Design a code deployment system
In this series (18 parts)
- Design a URL shortener
- Design a key-value store
- Design a rate limiter
- Design a web crawler
- Design a notification system
- Design a news feed
- Design a chat application
- Design a video streaming platform
- Design a music streaming service
- Design a ride-sharing service
- Design a food delivery platform
- Design a hotel booking platform
- Design a search engine
- Design a distributed message queue
- Design a code deployment system
- Design a payments platform
- Design an ad click aggregation system
- Design a distributed cache
Every production outage has a deployment somewhere in its ancestry.

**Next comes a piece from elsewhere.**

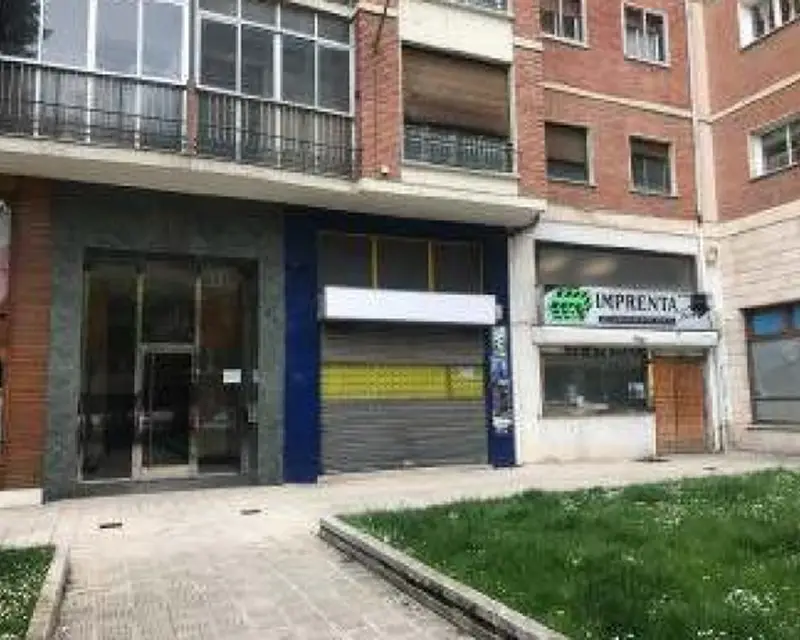 Local en Venta Burgos 108m2 Federico Olmeda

A code deployment system takes source code, turns it into runnable artifacts, and rolls those artifacts across a fleet of servers without taking down the service. The challenge is doing this safely at scale while keeping developer velocity high.
This design draws on message queues for async orchestration and reliability patterns for safe rollouts. We will also touch on observability for deployment health checks and storage systems for artifact persistence.
1. Requirements
Functional
- Developers push code to a repository; the system triggers a build automatically.

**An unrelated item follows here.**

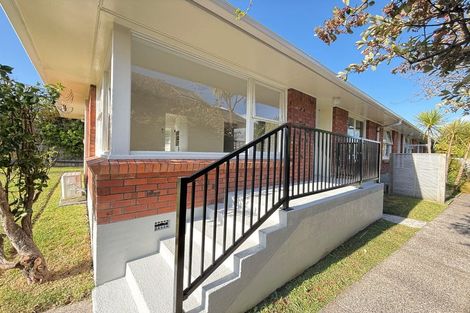Photo of property in 1/9 Moana Avenue, Belmont, Auckland, 0622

- Builds run in isolated environments with reproducible outputs.
- Artifacts are versioned and stored durably.
- Deployments support blue-green, canary, and rolling strategies.
- Rollback to any previous artifact completes within 2 minutes.

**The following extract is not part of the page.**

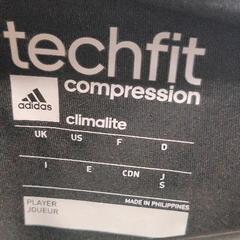 0811-065 adidas　techfitの画像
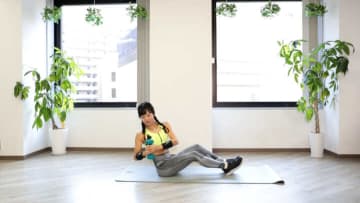 2分で上半身に強刺激！胸・背中・脇腹を鍛えるダンベルトレーニング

- Secrets are injected at deploy time, never baked into artifacts.
- A web dashboard shows pipeline status in real time.
Non-functional
| Metric | Target |
|---|---|
| DAU (developers) | 10,000 |
| Peak builds per minute | 500 |
| Avg build duration | 5 minutes |
| Artifact size (avg) | 200 MB |
| Target fleet size | 50,000 servers |
| Deploy latency (canary start) | < 30 seconds |
| Rollback latency | < 2 minutes |
| System availability | 99.95% |
2. Capacity Estimation
Build compute. 500 concurrent builds at peak, each running 5 minutes. We need 500 isolated build containers at any moment. With 2 vCPU and 4 GB RAM per container, that is 1,000 vCPUs and 2 TB RAM reserved for builds.
Artifact storage. 10,000 developers producing an average of 3 builds per day: 30,000 artifacts daily. At 200 MB each, that is 6 TB per day. Retaining 30 days of artifacts requires 180 TB. Object storage like S3 handles this well with lifecycle policies for expiration.
Bandwidth. Deploying a 200 MB artifact to 50,000 servers in a rolling fashion (10% at a time) means 5,000 simultaneous downloads. That is 1 TB per wave. Using a P2P distribution layer (like BitTorrent) reduces origin bandwidth from 1 TB to roughly 50 GB per wave.
Queue throughput. Each build generates roughly 20 state transition events (queued, building, testing, packaging, uploading, etc.). At 500 builds per minute, that is 10,000 messages per minute or about 170 QPS on the message bus.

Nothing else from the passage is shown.